I don’t quite know why the slur on Starr. He was appointed to do a job and did it to the best of his abilities. His personal feelings did not apparently play in to it.
Even if they did, as he said his experience was part of what convinced both parties in 1999 not to renew the Independent Counsel law.
Of course. The point was that there’s no indication that his efforts w/r Clinton were motivated by personal animus or bias.
Milhouse, Starr… Starr is an honest ingin… Too honest and too honorable. White Water and statute of limitations went right over Starr’s head. FOB’s and the Clinton team shut down Starr at every point. Completely outclassed IMO. Milhouse, it pains me to listen to Starr mealy mouth apologize for what I view as his failure as a prosecutor. You Milhouse most probably know why I am wrong and that we have law and process and results do not always appear fair and just.
Milhouse, I am fit to be …
The ingredient list on a box of oatmeal was more interesting that this rambling idiot. He did NOTHING for the case because I’m sure everyone tuned out after 1 minute like me.
The sorry part of the Clinton Impeachment was Ken Starr was made teh villain.
The sorry part is that Starr never got the evidence he was after, to prove the underlying corruption that the inquiry was originally about. The whole Lewinsky episode turned out to be a red herring that ended up swallowing the whole affair. (Yes, I went there.) As a result, at the end of it all Clinton’s defenders were able to say the inquiry was fundamentally illegitimate.
If Starr had known that Lewinsky’s perjury was suborned directly by the President he probably would have chosen not to pursue it in the first place.
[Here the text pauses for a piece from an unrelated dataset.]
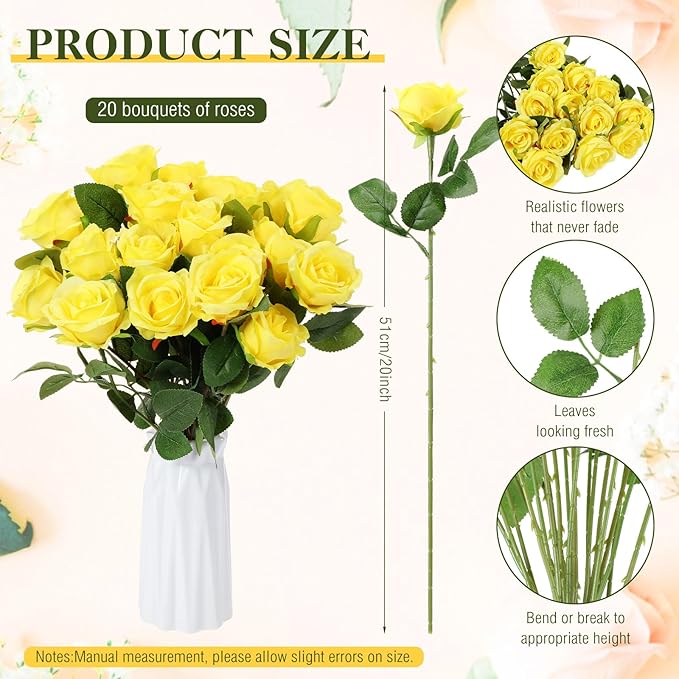 Hotop 20 Pcs Artificial Rose Flowers with Long Stem,Real Touch Silk Realistic Plastic Bouquet Roses Bulk for Home Decor Bridal Wedding Party Table Centerpieces Decorations(Yellow)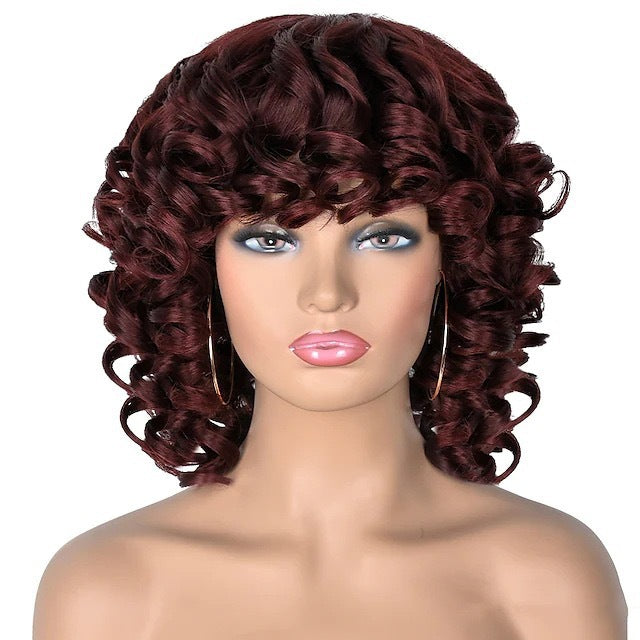 Women's Optional African Small Volume Large Synthetic Wig Short Curly Hair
The only reason he got involved was because he assumed she’d been suborned by either Jordan or Curry; he hoped he could get her to flip on them, and then use that to pressure them to flip on Clinton for his real crimes. But of course the trail led not to them but directly to Clinton, and he was hardly going to flip on himself.
Milhouse, the big poke in the eye was the purported miraculous discovery of documents on a coffee table outside of Hillary Clinton’s office after the Grand Jury disbanded. Nobody has bigger balls than Hillary. Nobody.
The republicans are blowing a once-in-a-lifetime opportunity to attack the Dems and put them on the defensive. Instead, we get this blow-hard Ken Starr. Totally awful. We get history lessons when the seditious Dems are destroying our constitution and our country.
Trump needs to fire this entire ‘defense’ team immediately and bring in folks willing to ‘go for the throat’ against the traitorous dems. Demand that Schiff and Biden go under oath and testify. This is for all the marbles as the saying goes.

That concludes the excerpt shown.